4.01.2005

simplify


High-tech, high-touch.
I figure that if someone is in my office, it's because their life is basically in the crapper. My electronics and desk are all glass and black, so I quite deliberately added a few calming touches to my lair.

My favorite touch is the little tabletop fountain directly behind my desk. One of my partners inspired me to do this, and we in turn have inspired a third partner to add a tabletop fountain in her office. I have added to mine a rock that has the word "Simplify" carved directly into the rock. How this will help me I don't know, but hey! it's a goal to aspire to.

I dropped the Treo in the fountain while taking this picture, but although it did not improve the picture it also did not appear to harm the Treo.

On the other hand, since I am after all a lawyer, perhaps I should add fog.

3.31.2005

b-rate me!


Scales-of-justice streetlight at the RJC

After over two decades of flying under the radar of Martindale-Hubbell, I have received my first peer review rating. In order to display the service mark of the ratings indicating that I have been bestowed a rating, I would have to execute this horrendous acknowledgement. Presumably, everytime I display the service mark. Hm. This shows signs of promise. They do say I can use it on a "lawyer home page." Interestingly enough, I can indicate that I have a rating, but I can't tell you the reader, because you might not be a lawyer, what that rating is. Notice that I have not done so. I also have to tell you this:

"The Martindale-Hubbell Peer Review Icon is a service mark of Reed Elsevier Properties Inc., used under permission from Reed Elsevier Properties Inc. in accord with the terms and conditions established by Martindale-Hubbell."
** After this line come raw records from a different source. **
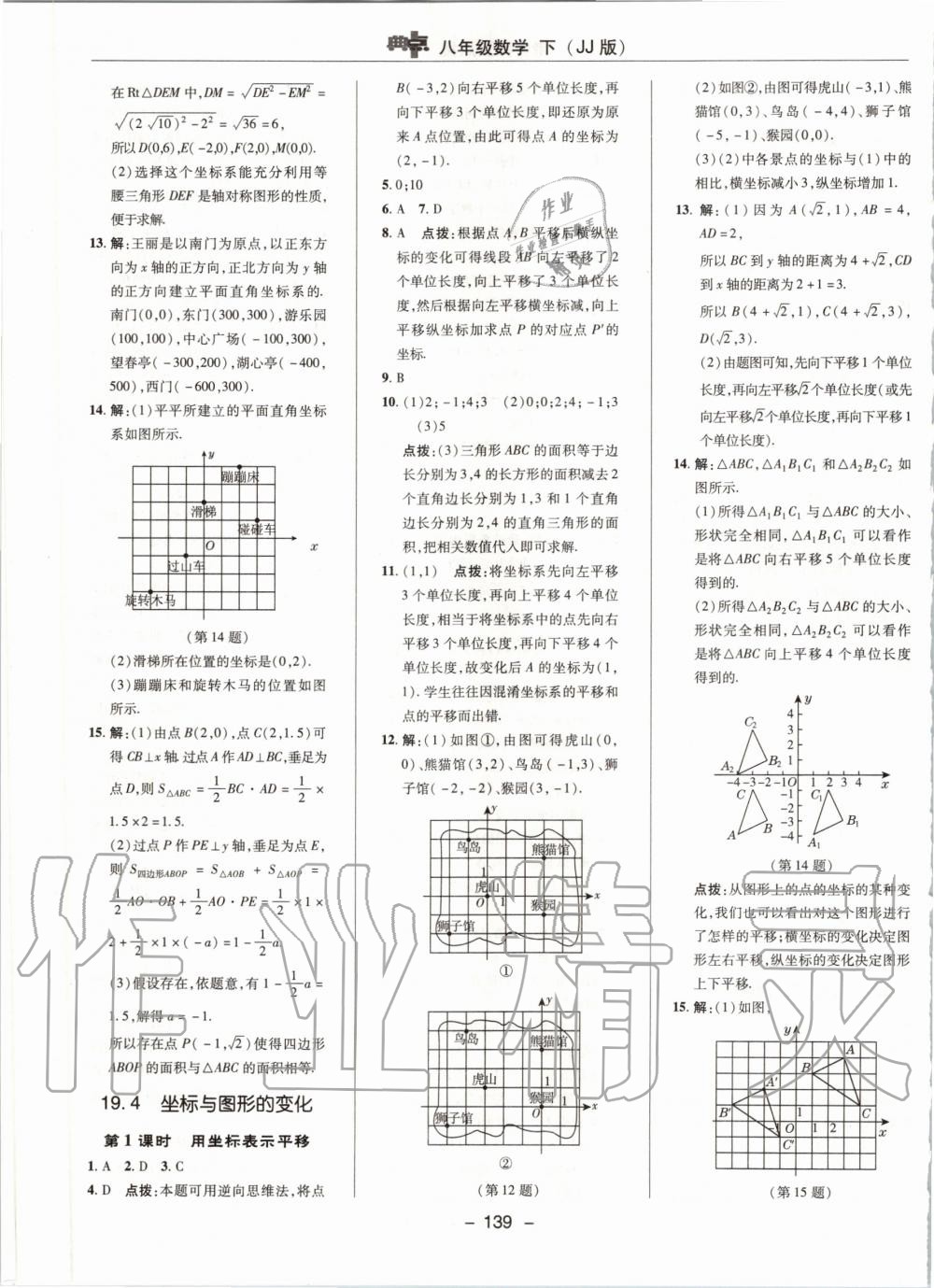 2020年綜合應(yīng)用創(chuàng)新題典中點(diǎn)八年級(jí)數(shù)學(xué)下冊(cè)冀教版 第7頁(yè)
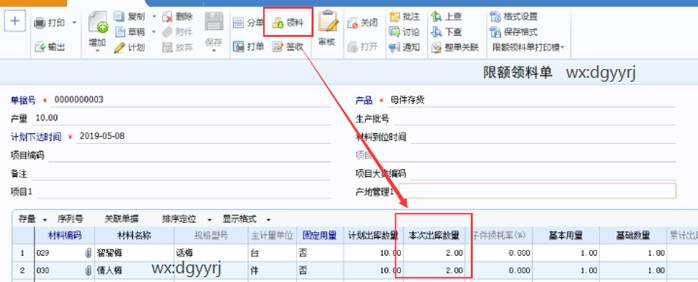 ���Ѷ�ݸ�ֹ�˾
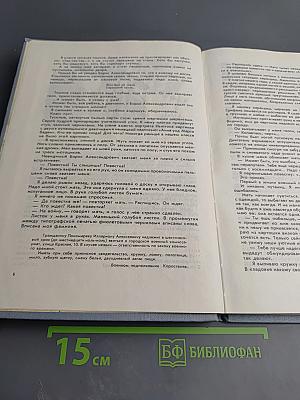 Наша восемнадцатая осень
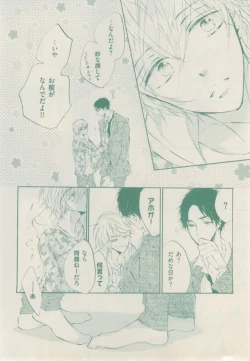 Page 110 of ボーイズキャピ! 2015-02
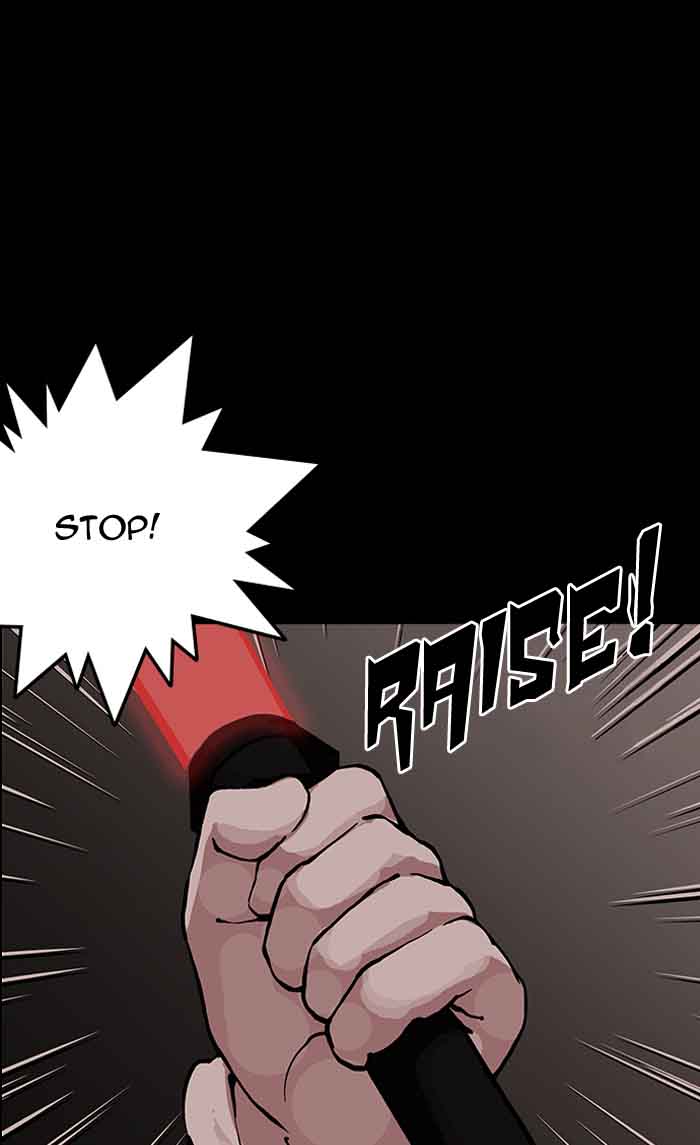 Lookism Chapter 151 Page 101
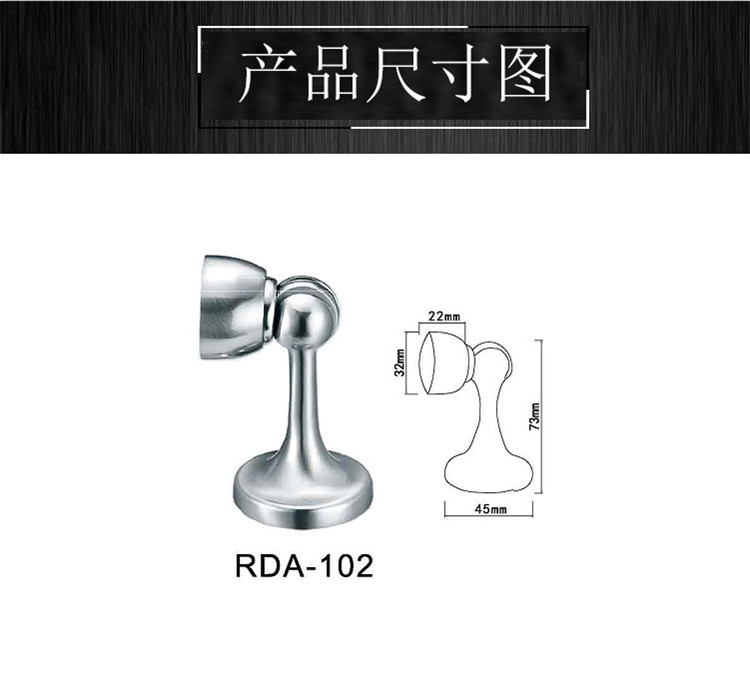 麻豆国产在线看看免费麻豆毛片网RDA-102 锌合金门吸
in order to show you this:




I have never been asked to provide rating information on another lawyer, nor did I personally request this rating. It looks like they have Field Representatives to do their scouting.

Too strange.

3.29.2005

street cred

The courtroom is a world where telling the truth can be a Machiavellian strategic move.

My client was being cross-examined today on a minor point, using his bank records to establish an embarrassing expense. My learned colleague asked my guy to admit that he began incurring this expense in May 2004, which he did readily.

After my client was safely and completely off the stand, I noticed that the bank records actually established that the minor but embarrassing expense began in March 2004. Neither my client nor the OC had noticed this.

I immediately insisted that I disclose to the court the earlier date. In fact, I stood up and offered a stipulation to "correct the record."

Now, when OC started flogging this expense later, and exclaiming about the earlier date, I leaned back, believing that my client was immunized from harm on this point.

As I read my state's Rules of Professional Conduct, this disclosure was technically unnecessary because the fact was not material.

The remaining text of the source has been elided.